Il bello della March Madness
Cosa è successo nel primo weekend del torneo NCAA.
South Region
di Lorenzo Neri @TheBro84
Il 3 dicembre scorso UCLA e Kentucky diedero vita a una delle più belle partite dell’anno, finita con la vittoria 97-92 dei Bruins alla Rupp Arena, chiudendo una striscia di vittorie casalinghe che durava da ben 42 partite. Fu la partita della consacrazione di Lonzo Ball, non solo come prospetto NBA ma anche come uno dei migliori giocatori della stagione collegiale. Non può che essere questa la partita più attesa delle Sweet Sixteen perché mette in campo due squadre protagoniste di questi mesi e una dose massiccia di talento che andrà a ripopolare i roster delle franchigie NBA dei prossimi anni.
Per gli Wildcats il cammino è stato tutt’altro che facile, dato che hanno dovuto fare i conti per il secondo anno consecutivo con le competenze tecniche di Gregg Marshall e la sua Wichita State, sudando le solite sette camicie per conquistarsi il viaggio verso Memphis, dove Calipari dovrà combattere con un ambiente ostile, sedotto e abbandonato dal coach italo-americano quando emerse lo scandalo dei test d’ammissione di Derrick Rose.
Prima Monk, poi Adebayo. E tanti saluti a Wichita State
UCLA da quel 5 dicembre non è cambiata molto, si affida ancora alle giocate di carisma e freddezza di Ball, dando vita a uno degli attacchi più divertenti da vedere per soluzioni, ritmo e atletismo reggendo l’urto anche con squadre-fortino come Cincinnati, liquidati nel secondo tempo sempre con lo zampino del figlio di LaVar.
Questa è stata la Region che più ha mantenuto le attese rispetto ai seed attribuiti dal Selection Committee – tanto che anche gli upset di Middle Tennessee State e Wichita State nel primo turno sono stati tutt’altro che imprevedibili – ed infatti abbiamo le prime 4 del tabellone faccia a faccia nelle semifinali dei Regional. North Carolina però ha rischiato seriamente di fare la fine di Villanova nel finale di partita contro Arkansas nel turno precedente, quando la 40 Minutes of Hell di Mike Anderson ha sovrastato il solito, prevedibile e statico piano partita di Roy Williams dopo un avvio che li aveva visti subito veleggiare in doppia cifra di vantaggio. Anche stavolta la profondità del roster e il maggiore talento offensivo ha avuto la meglio contro dei Razorbacks in evidente debito di ossigeno, ma è cristallino che i Tar Heels abbia grandi problemi nell’aggiustare in corsa una partita che non va secondo i loro piani, affidandosi a prestazioni individuali che rischiano di essere l’unico appiglio a una brutta situazione.
L’accoppiamento con Butler in questo aspetto è molto interessante: i Bulldogs non sono più la squadra rivelazione che Brad Stevens costruiva anno dopo anno con gli scarti degli altri college.

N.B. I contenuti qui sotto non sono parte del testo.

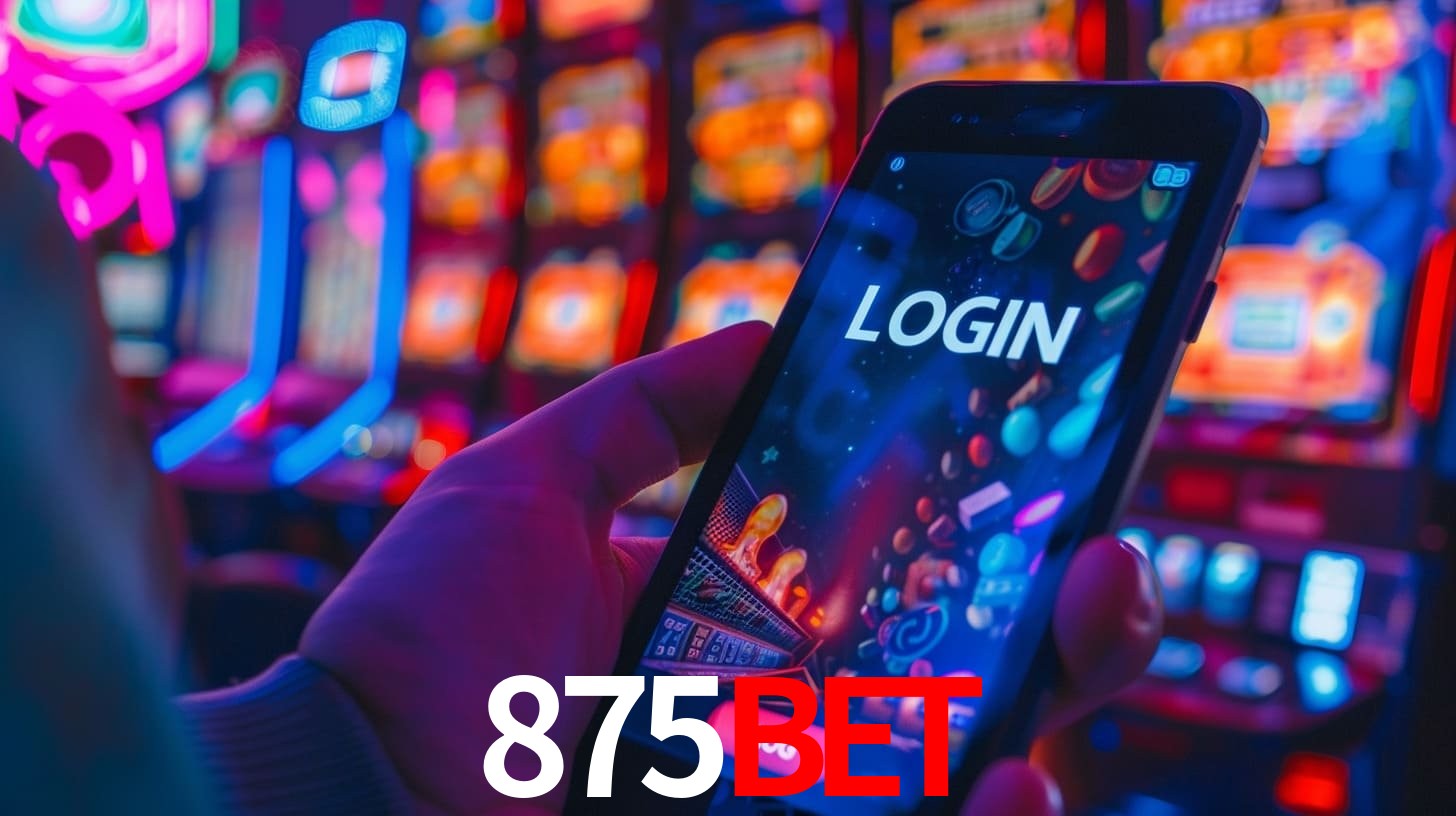 Estratégias Crash Games 875bet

Ora sono una delle squadre di punta della Big East, con un programma che punta a migliorare gradualmente anno dopo anno e che inizia a farsi un nome anche in fase di recruiting, con molti liceali sempre più interessanti al piccolo college dell’Indiana. In campo sono una squadra dal talento non particolarmente accentuato, ma da una solidità che gli permette di giocare 40 minuti di pallacanestro vera con pochi cali e tanta sostanza. North Carolina parte comunque favorita per l’accesso a Phoenix vogliosa di riprendersi quello che Kris Jenkins gli ha tolto allo scadere 12 mesi fa, ma le altre sono tutte lì ad aspettare il minimo passo falso.

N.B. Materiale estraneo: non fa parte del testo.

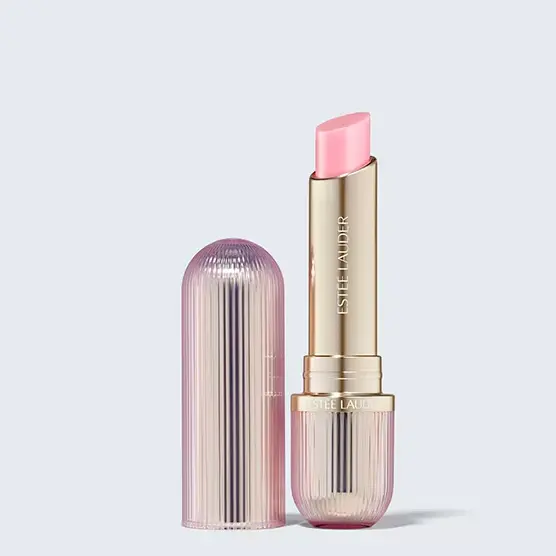 Estee Lauder 雅诗兰黛变色润唇膏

Bonus Track: Miglior moglie da combattimento
Dietro ogni grande Coach c’è una grande donna, recita un famoso proverbio. E in effetti dietro l’eccellente lavoro a Wichita State di Gregg Marshall scopriamo esserci l’incessante sostegno della sua dolce metà, che ha passato l’intera sfida contro Kentucky a insultare i giocatori fino ad essere portata fuori dallo stadio dalla sicurezza. Dai testimoni diretti pare che avesse insulti personalizzati per ciascun membro della formazione avversaria, da Calipari fino all’ultimo panchinaro. Questo, signori, si chiama scouting.